When NOT to Parallelize

  • When tasks modify the same file (merge conflicts are expensive)
  • When the output of one task changes the environment for another
  • When you're not sure (default to sequential when uncertain)

Fallback: Executing Plans Without Subagents

Some environments don't support subagent dispatching — the AI tool runs in a single-context mode without the ability to spawn independent processes.

In these cases, use the executing-plans skill (not the subagent dispatch flow). The executing-plans skill simulates subagent discipline within a single context by:

  • Treating each task as a clean unit with explicit context resets
  • Applying the same two-stage review after each task
  • Using the same status protocol
  • Never looking ahead to future tasks while executing the current one

The results are slightly less isolated than true subagents, but the discipline of the process provides most of the same benefits.

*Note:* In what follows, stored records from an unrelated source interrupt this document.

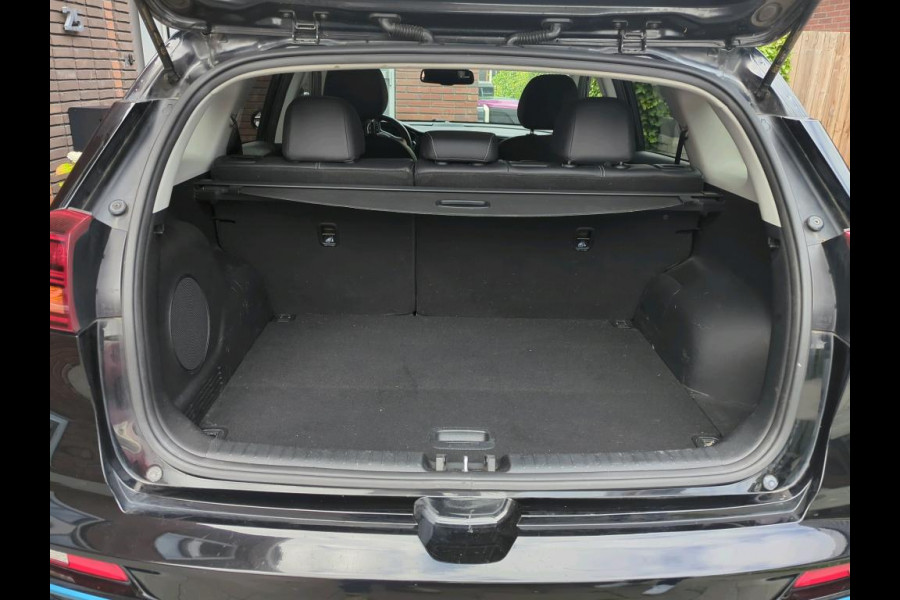 Kia e-Niro ExecutiveLine 64 kWh LED | LEDER | NAVI | STOELKOELING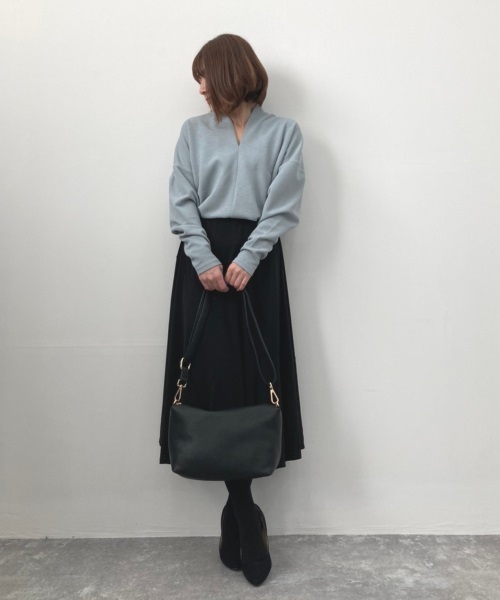 DoCLASSE　カットジョーゼット・Vネック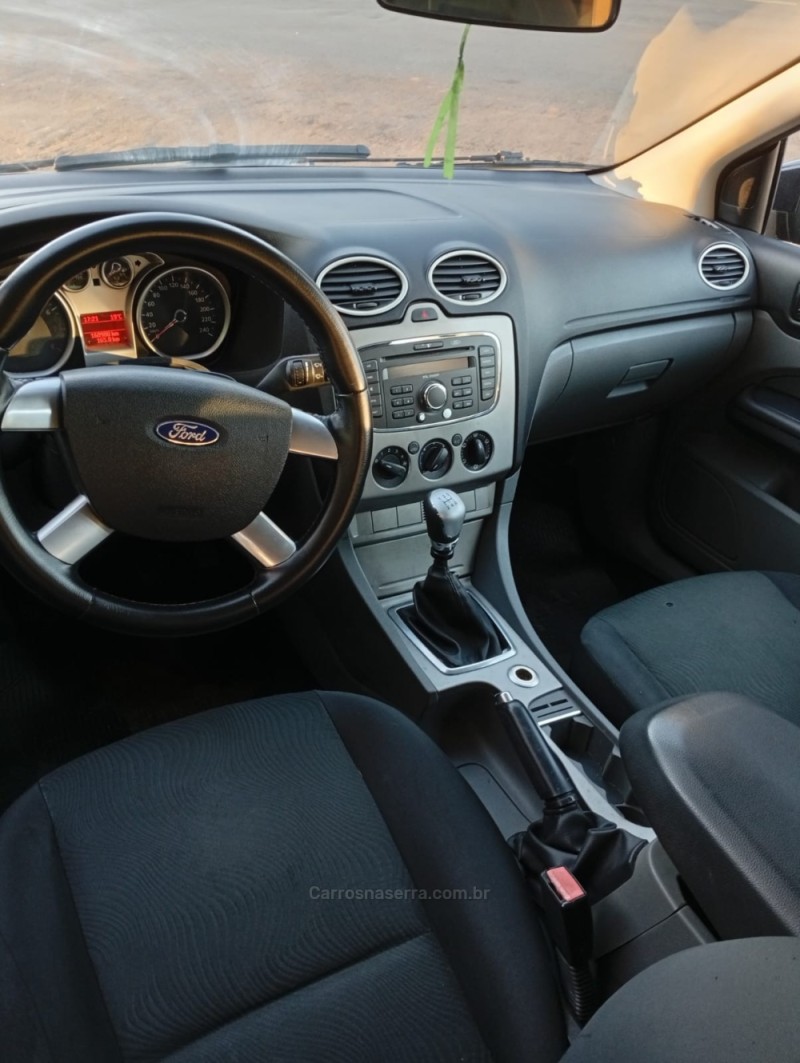 FOCUS 1.6 GLX SIGMA 16V FLEX 4P MANUAL - 2013 - PASSO FUNDO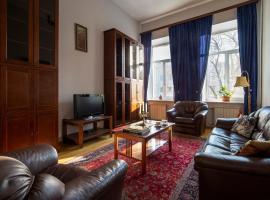 Hotel Photo: 2 rooms apt on Griboedova 29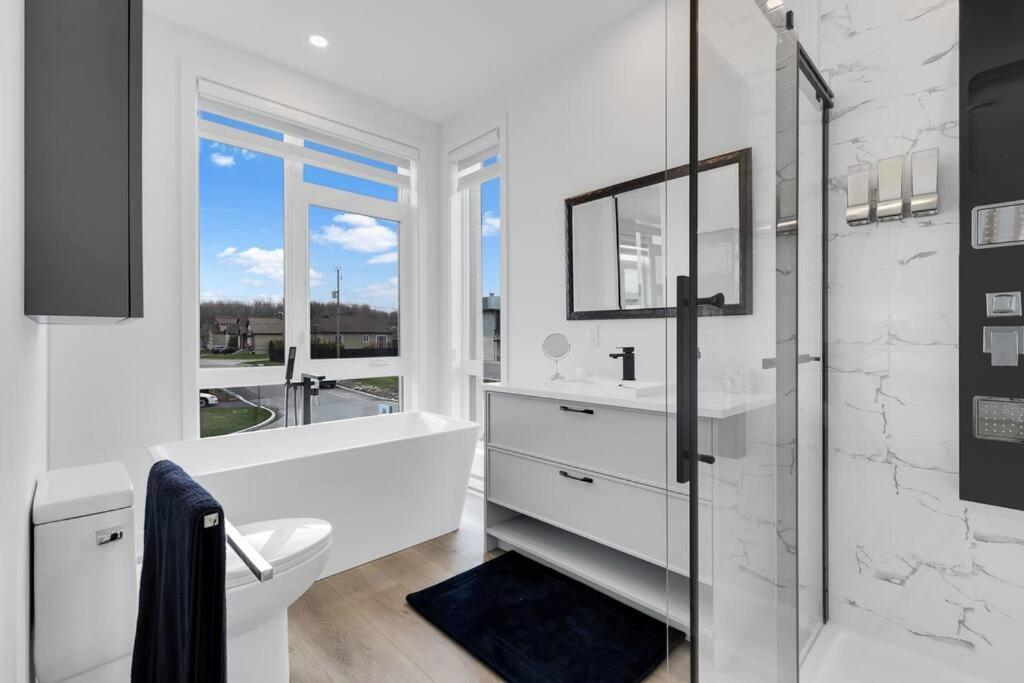 Dream Home Retreat with Spa - 2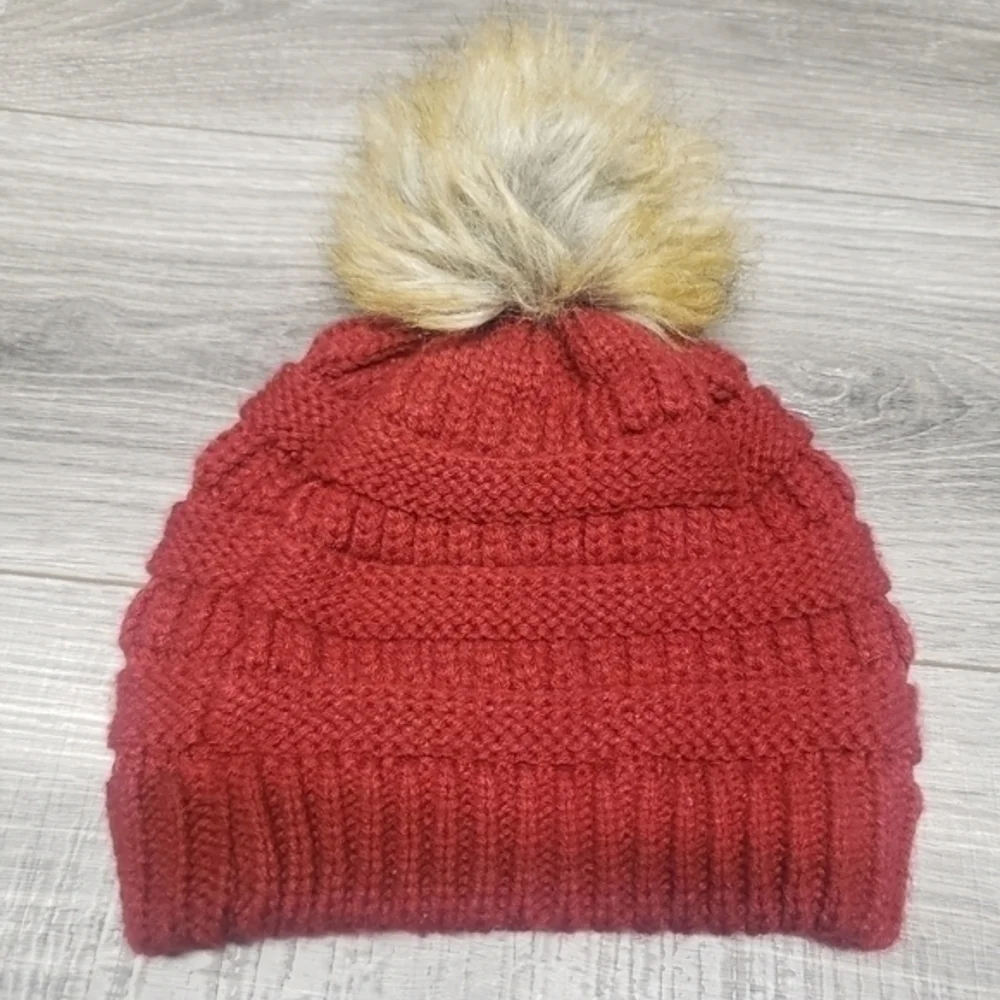 C.c‎ Beanies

/executing-plans [path to plan document]

Common Execution Failures and How to Prevent Them

FailureCausePrevention
Task completes but tests don't passSubagent verified the file exists, not that tests passReview gate must run tests, not just check file existence
DONE_WITH_CONCERNS accumulateController keeps running despite concernsSet a threshold — if N concerns accumulate, pause and review
BLOCKED task is skippedController tries to work around a blocked taskBLOCKED always stops execution — no workarounds
Parallel tasks conflictTwo tasks write to the same fileMark parallel groups explicitly; review for shared state before dispatching
Plan deviates during executionSubagent "improves" on the planSubagents must follow the plan exactly, not interpret or improve it

The subagent model is borrowed from good engineering management: give each engineer a clear, self-contained task, review their work before it merges, and never let one engineer's confusion become the whole team's problem.